D’une part, les « individus » dont on parle n’existent guère : les populations des pays pauvres, surtout celles issues du monde rural, n’appréhendent que rarement leur vie en termes d’individualités, mais plutôt en termes de communautés. Il serait donc plus judicieux de s’interroger sur la capacité des communautés à avoir accès à leurs droits. Or dans les sociétés rurales encore traditionnelles, cette conception onusienne des « droits » et des « libertés » ne correspond que rarement aux vœux des communautés. Le droit des jeunes filles à faire des études se heurte à la liberté des communautés de les marier vite pour qu’elles fassent des enfants qui serviront de soutiens à leurs parents devenus vieux. Le droit des communautés d’avoir une progéniture nombreuse se heurte à la volonté des ONG et des OIG de maîtriser une démographie devenue parfois inquiétante.

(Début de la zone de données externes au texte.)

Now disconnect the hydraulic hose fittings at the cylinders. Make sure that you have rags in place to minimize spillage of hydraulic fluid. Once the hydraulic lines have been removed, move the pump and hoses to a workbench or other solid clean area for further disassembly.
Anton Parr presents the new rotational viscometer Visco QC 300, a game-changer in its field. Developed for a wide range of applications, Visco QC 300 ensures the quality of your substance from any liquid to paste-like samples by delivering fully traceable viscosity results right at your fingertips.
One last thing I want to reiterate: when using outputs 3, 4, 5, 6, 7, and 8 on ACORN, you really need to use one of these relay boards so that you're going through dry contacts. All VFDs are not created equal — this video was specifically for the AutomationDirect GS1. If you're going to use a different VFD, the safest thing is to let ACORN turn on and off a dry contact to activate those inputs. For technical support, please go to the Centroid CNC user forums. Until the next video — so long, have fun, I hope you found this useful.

Au Niger, le doublement de la population qui arrivait tous les 22 ans en 2000 s’effectue tous les 18 ans en 2020. Paradoxe nigérien, les cantons les plus diplômés sont ceux qui font le plus d’enfants ! L’ONU et les ONG sont rapidement prises dans un dilemme qui révèle l’hypocrisie profonde de leur posture moralisatrice : d’une part elles défendent le droit des peuples à définir les objectifs et les modes de leur développement, d’autre part elles refusent que ces objectifs soient contraires aux siens sous peine de n’être pas financés, et, enfin, elles sont incapables de faire la promotion active et sincère d’un État-providence et sont enfermées dans les présupposés libéraux qui servent de doxa aux décideurs internationaux (Pas d’enfants en grand nombre, mais pas de sécurité sociale non plus…). La rapidité avec laquelle la « communauté internationale » a fermé les yeux sur les coups d’États militaires contre des gouvernements islamistes démocratiquement élus (Algérie, Égypte, Pakistan, Yémen) montre que les hommes sont libres de choisir leurs gouvernements, sauf si ces gouvernements ne sont pas aussi choisis par l’ONU.

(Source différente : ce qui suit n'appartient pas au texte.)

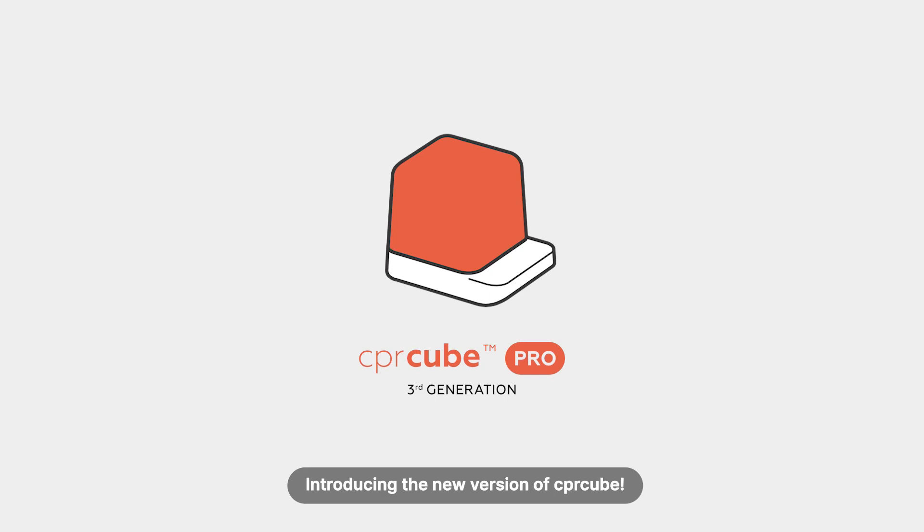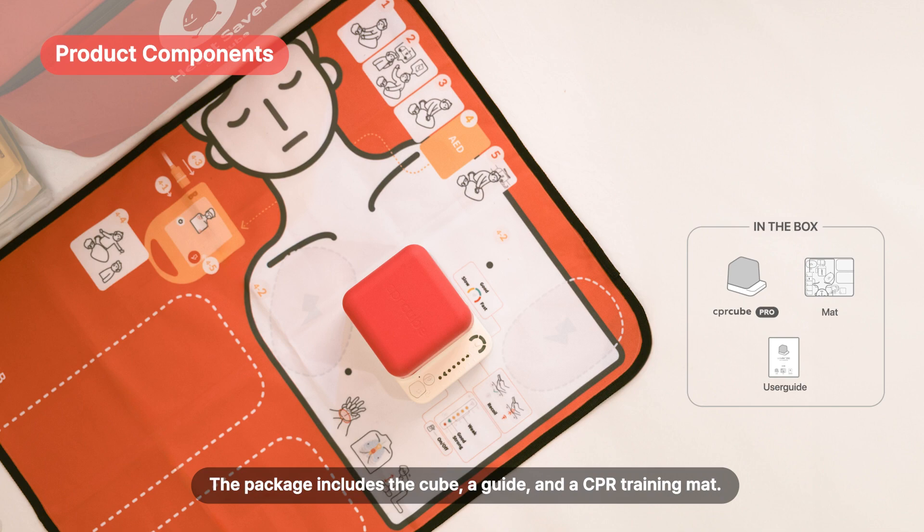Introducing the new version of CPR Cube. The package includes the cube, a guide, and a CPR training mat.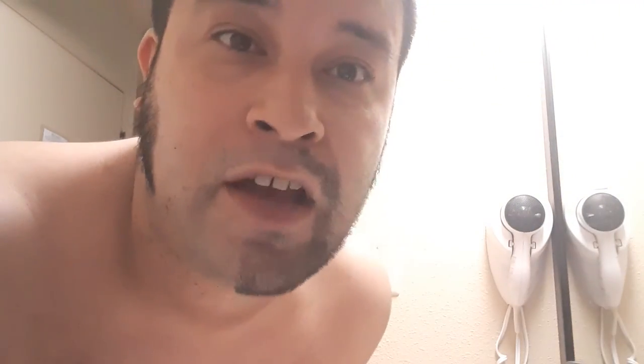There you go — I have shaved my face with no shaving cream used at all. Like and share the video.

D’autre part, la démocratie, incontestablement le régime le mieux à même de concilier liberté individuelle et contrôle des élites, peut largement être un caricature de démocratie (Régimes illibéraux) dont l’ONU, et donc ses agences, s’accommodent très bien. À bien des égards, le monde est devenu « bipolaire » : à des discours généreux de développement et de promotion de la démocratie, se superpose une réalité de rivalités entre grandes puissances (Canadian Security Intelligence Service, 2018). Dans ce cas, l’ONU peut continuer à faire de la démocratie le fer de lance du développement durable, tant qu’elle continue à accueillir des pays qui bafouent les droits des peuples au mépris de la Charte des Nations Unies elle-même, l’espoir d’un monde où les hommes pourront faire valoir leurs droits est utopique. Et le développement restera juste de la croissance économique dans le cadre d’un système capitaliste libéral.